TASK DESCRIPTION ->
All lines holding the string "Immigrants" should be copied from the data below.

DATA SHOWN ->
--- START ---

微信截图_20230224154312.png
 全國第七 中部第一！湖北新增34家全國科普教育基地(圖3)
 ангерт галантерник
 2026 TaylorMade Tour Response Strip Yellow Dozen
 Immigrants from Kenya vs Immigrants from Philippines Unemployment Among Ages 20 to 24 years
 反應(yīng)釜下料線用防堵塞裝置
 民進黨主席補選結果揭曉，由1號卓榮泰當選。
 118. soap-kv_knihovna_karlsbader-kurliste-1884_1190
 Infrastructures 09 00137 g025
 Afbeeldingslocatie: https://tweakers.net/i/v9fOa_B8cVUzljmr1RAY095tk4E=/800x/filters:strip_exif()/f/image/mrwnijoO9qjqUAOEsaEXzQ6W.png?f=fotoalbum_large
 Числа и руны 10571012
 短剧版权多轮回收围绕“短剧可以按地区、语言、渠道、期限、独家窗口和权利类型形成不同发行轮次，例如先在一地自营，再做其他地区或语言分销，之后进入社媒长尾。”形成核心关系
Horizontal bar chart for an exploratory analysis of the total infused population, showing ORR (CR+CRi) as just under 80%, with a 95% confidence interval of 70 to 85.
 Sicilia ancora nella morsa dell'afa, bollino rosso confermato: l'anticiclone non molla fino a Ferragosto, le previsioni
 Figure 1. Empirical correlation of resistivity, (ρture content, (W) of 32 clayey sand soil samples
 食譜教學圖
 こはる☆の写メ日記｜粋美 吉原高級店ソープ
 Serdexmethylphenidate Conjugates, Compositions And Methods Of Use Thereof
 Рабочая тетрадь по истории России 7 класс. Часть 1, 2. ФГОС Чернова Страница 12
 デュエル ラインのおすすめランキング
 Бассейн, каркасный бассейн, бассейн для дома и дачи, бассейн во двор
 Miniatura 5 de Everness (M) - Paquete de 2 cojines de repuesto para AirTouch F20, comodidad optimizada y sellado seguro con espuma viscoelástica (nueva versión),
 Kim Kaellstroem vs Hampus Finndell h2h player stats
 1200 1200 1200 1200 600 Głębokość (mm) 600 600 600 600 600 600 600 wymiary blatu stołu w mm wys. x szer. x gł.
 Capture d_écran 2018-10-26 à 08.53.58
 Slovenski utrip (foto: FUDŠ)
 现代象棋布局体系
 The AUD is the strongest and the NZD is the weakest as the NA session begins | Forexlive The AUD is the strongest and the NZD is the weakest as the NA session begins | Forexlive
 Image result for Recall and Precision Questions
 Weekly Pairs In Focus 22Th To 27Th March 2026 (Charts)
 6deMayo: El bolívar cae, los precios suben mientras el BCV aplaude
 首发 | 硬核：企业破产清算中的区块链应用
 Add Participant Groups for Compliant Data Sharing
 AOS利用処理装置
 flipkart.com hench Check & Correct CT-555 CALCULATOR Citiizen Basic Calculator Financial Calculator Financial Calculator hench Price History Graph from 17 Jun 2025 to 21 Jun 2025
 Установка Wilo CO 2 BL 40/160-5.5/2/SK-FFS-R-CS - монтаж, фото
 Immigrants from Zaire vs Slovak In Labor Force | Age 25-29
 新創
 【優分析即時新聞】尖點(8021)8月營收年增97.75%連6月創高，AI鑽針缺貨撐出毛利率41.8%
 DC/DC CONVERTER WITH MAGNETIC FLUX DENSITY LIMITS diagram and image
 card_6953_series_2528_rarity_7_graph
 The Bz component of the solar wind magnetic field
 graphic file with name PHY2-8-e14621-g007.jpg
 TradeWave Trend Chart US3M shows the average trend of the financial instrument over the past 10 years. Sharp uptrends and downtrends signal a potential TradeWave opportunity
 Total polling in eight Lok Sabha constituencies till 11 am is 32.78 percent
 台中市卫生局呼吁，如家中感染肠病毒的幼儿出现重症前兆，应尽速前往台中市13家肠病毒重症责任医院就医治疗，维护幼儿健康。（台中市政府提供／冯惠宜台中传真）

--- END ---

FINAL ANSWER ->
 Immigrants from Kenya vs Immigrants from Philippines Unemployment Among Ages 20 to 24 years
 Immigrants from Zaire vs Slovak In Labor Force | Age 25-29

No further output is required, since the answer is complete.